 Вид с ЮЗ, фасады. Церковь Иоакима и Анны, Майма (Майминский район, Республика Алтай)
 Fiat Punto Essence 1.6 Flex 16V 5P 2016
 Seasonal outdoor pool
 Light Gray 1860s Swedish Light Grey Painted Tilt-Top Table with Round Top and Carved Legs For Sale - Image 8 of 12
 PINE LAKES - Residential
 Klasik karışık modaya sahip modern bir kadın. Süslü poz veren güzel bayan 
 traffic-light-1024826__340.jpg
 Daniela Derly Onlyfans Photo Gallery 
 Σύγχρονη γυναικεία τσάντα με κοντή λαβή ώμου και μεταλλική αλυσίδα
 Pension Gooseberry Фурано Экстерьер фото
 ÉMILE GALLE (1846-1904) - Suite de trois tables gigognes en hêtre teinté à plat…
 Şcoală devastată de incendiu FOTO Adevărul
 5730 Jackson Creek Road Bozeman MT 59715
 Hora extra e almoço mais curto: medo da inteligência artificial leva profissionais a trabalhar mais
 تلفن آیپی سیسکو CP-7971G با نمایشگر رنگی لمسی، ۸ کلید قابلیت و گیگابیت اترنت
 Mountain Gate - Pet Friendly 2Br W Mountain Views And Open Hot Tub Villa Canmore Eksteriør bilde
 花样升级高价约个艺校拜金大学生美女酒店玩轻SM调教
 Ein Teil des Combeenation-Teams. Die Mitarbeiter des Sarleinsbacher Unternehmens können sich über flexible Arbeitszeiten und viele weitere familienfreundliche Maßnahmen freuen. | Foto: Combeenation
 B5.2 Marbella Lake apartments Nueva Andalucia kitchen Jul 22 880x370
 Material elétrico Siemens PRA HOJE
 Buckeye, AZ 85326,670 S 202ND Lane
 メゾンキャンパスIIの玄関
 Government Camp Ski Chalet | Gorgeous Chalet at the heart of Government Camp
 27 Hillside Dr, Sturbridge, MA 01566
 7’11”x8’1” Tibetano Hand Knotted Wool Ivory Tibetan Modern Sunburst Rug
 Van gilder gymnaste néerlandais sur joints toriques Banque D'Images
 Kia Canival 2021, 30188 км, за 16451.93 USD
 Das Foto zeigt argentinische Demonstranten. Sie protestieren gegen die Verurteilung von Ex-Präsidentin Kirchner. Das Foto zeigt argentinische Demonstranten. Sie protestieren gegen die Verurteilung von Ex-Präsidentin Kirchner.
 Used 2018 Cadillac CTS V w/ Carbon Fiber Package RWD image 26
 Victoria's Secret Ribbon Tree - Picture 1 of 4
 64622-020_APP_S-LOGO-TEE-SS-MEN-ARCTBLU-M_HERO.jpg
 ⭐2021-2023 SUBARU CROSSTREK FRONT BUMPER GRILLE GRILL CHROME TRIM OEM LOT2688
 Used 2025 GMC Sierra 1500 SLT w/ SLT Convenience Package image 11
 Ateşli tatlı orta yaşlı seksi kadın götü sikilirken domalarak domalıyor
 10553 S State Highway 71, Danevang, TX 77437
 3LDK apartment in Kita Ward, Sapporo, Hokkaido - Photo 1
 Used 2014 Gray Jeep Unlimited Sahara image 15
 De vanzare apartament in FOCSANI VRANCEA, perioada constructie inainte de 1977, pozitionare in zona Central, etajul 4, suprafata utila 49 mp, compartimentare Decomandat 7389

::::::::::

▸ WORK INSTRUCTION
Wherever the string "kadın" appears in the records, copy the whole line.

▸ SOLUTION TO THE EXERCISE
 Klasik karışık modaya sahip modern bir kadın. Süslü poz veren güzel bayan 
 Ateşli tatlı orta yaşlı seksi kadın götü sikilirken domalarak domalıyor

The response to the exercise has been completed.